Selain upaya militer, Soekarno dan Hatta juga mengupayakan pendekatan lewat perundingan dengan Beureuh. Agaknya strategi ini berhasil, pada tahun 1961 Beureuh turun gunung dan menyatakan kembali bergabung dengan NKRI.  akhirnya pda tanggal 17-28 Desember 1962 diadakan Musyawarah Kerukunan Rakyat Aceh dan berhasil memulihkan keadaan di Aceh. Beureuh meninggal di Aceh pada tahun 1987.

 

Pemberontakan ini diawali karena ketidakpuasan sebagian pemimpin militer di daerah akan ketimpangan pembangunan di pusat dan daerah. Akhirnya mereka membentuk Dewan-Dewan Militer Daerah seperti Dewan Banteng di Sumatera Barat (Kolonel Achmad Husein), Dewan Gajah di Medan (Kolonel Simbolon), Dewan Garuda di Sumatera Selatan (Letkol Barlian) dan Dewan Manguni di Manado (Kolonel Ventje Sumual). Sebenarnya pemerintah pusat telah melakukan upaya pendekatan terhadap para pemimpin Dewan Militer ini, namun tidak menghasilkan apa-apa.

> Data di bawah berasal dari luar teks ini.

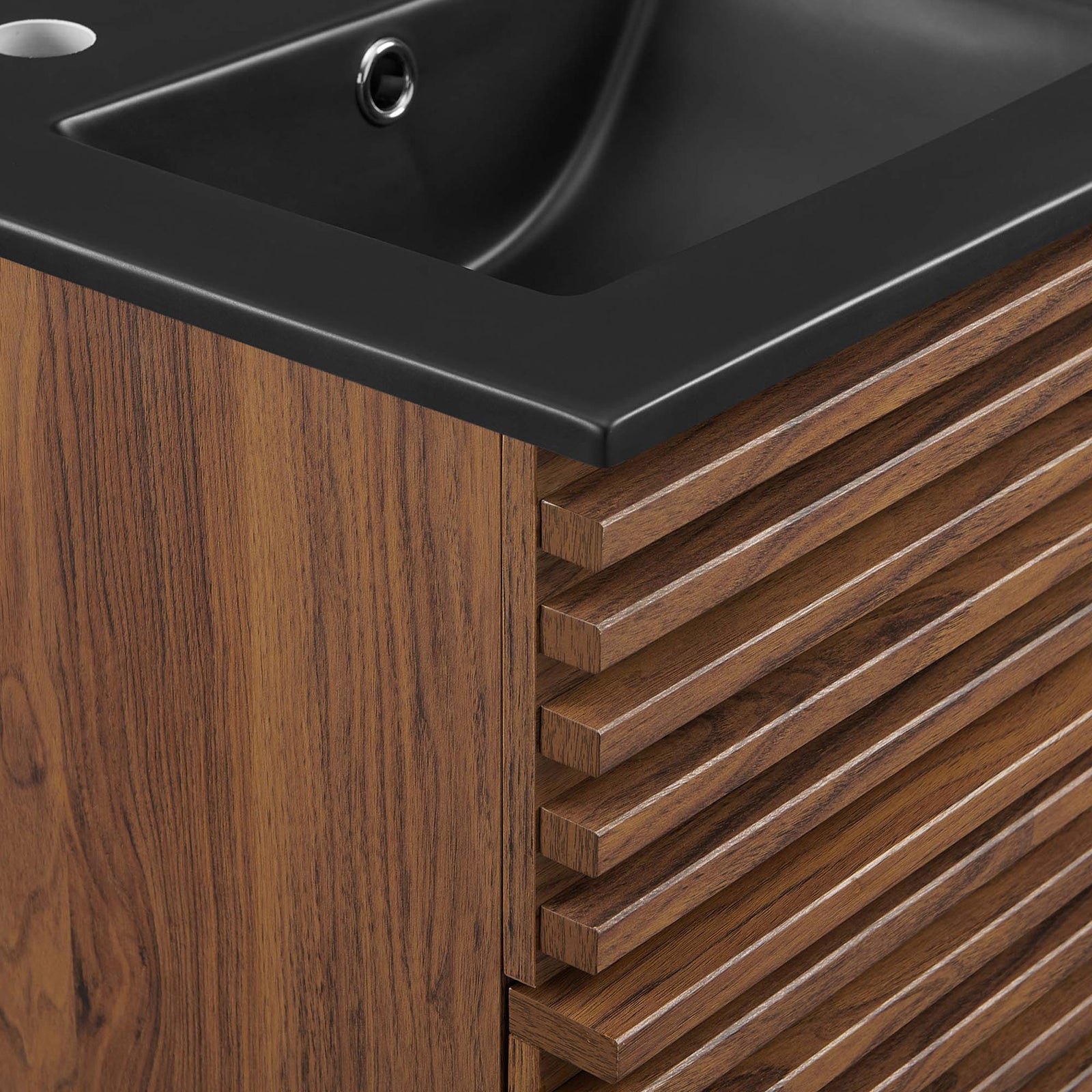 Crisp ribbed drawer texture meets the soft radius of a matte black sink for refined contrast. || EEI-5390-WAL-BLK || detail_studio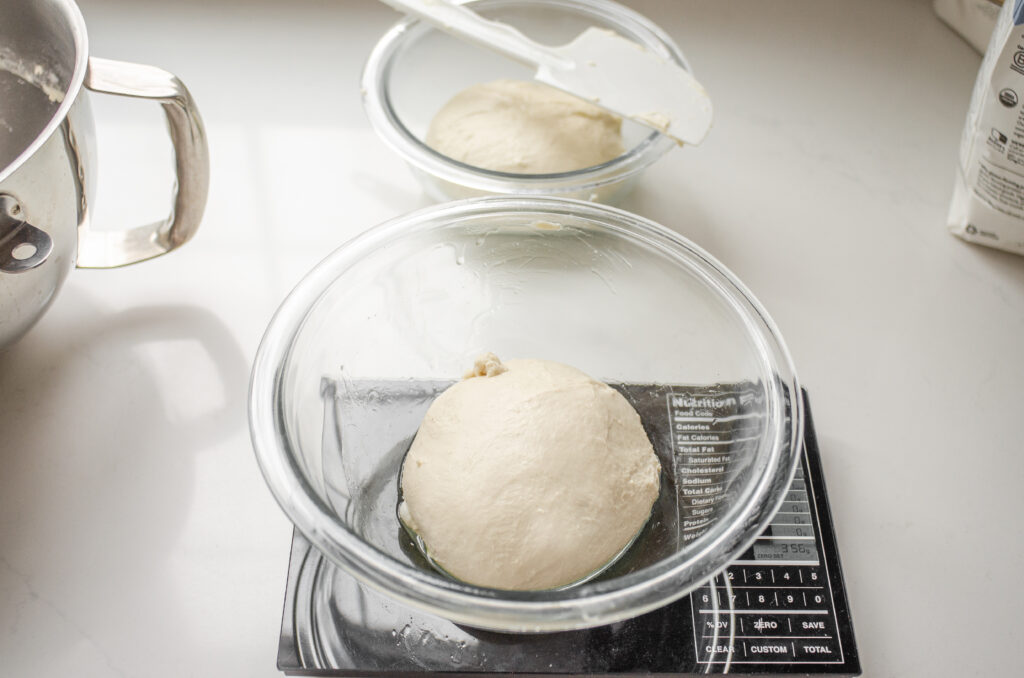 Dividing the sourdough pizza crust into two equal balls.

Pada 10 Februari 1958 diadakan rapat raksasa di Padang yang dihadiri pemimpin Dewan-Dewan Militer tadi.  Ketua Dewan Banteng, Achmad Husein menyampaikan ultimatum kepada pemerintah pusat yaitu :

  • Dalam waktu 5x24 jam Kabinet Juanda menyerahkan mandat kepada Presiden
  • Presiden menugaskan Hatta dan Hamengkubuwono IX membentuk Kabinet baru
  • Meminta Presiden kembali kepada kedudukannya sebagai Presiden Konstitusional.

Tentu saja tuntutan ini ditolak oleh pemerintah pusat.  Pemerintah akhirnya memecat secara tidak hormat para pemimpin Dewan Militer tersebut.  Akhirnya, karena tuntutannya ditolak, pada 15 Februari 1958 Achmad Husein memproklamasikan berdirinya Pemerintahan Revolusionel Republik Indonesia (PRRI) dengan Syarifudin Prawiranegara sebagai Perdana Menterinya. Proklamasi ini mendapat dukungan dari Kolonel DJ Somba di Sulawesi. Dia menyatakan Sulawesi Utara dan Tengah bergabung dengan PRRI dan memutuskan hubungan dengan Pemerintah RI.

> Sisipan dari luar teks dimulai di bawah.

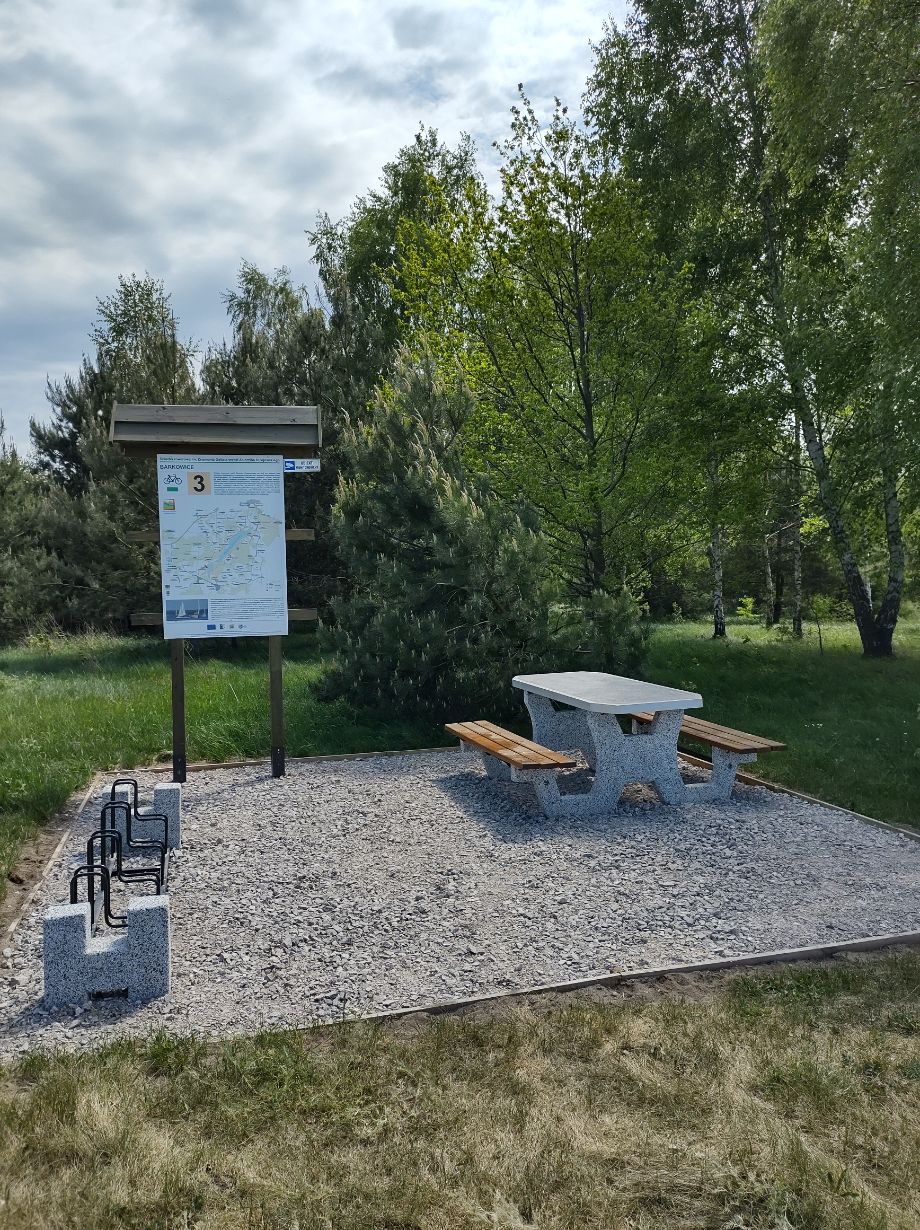 Zdjęcie przedstawia miejsce odpoczynku na szlaku rowerowym. Widać tablicę informacyjną z mapą, stojaki na rowery oraz betonowy stół z ławkami. Otoczenie to zieleń drzew i trawa.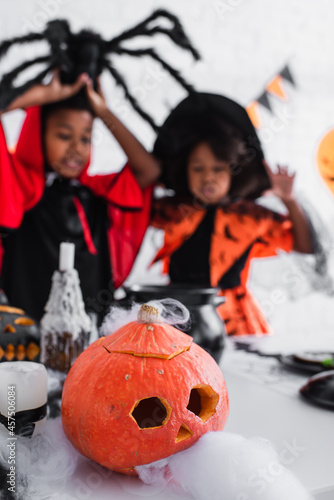 carved and creepy pumpkin near blurred african american children in costumes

Akhirnya pemerintah melakukan operasi militer yg disebut Operasi 17 Agustus yang dipimpin oleh Letnan Kolonel Ahmad Yani untuk menumpas pemberontakan ini.  Ternyata pemberontakan ini mendapat dukungan dari Amerika Serikat, buktinya sebuah pesawat tempur Amerika Serikat tertembak jatuh oleh pasukan Indonesia. Pesawat ini dikendalikan oleh Alan Pope, pilot Amerika Serikat yang diyakini merupakan bagian dari CIA. Namun pemberontakan PRRI seperti tidak mendapat dukungan penuh dari pendukungnya, dan akhirnya para pemimpinnya menyerahkan diri kepada TNI.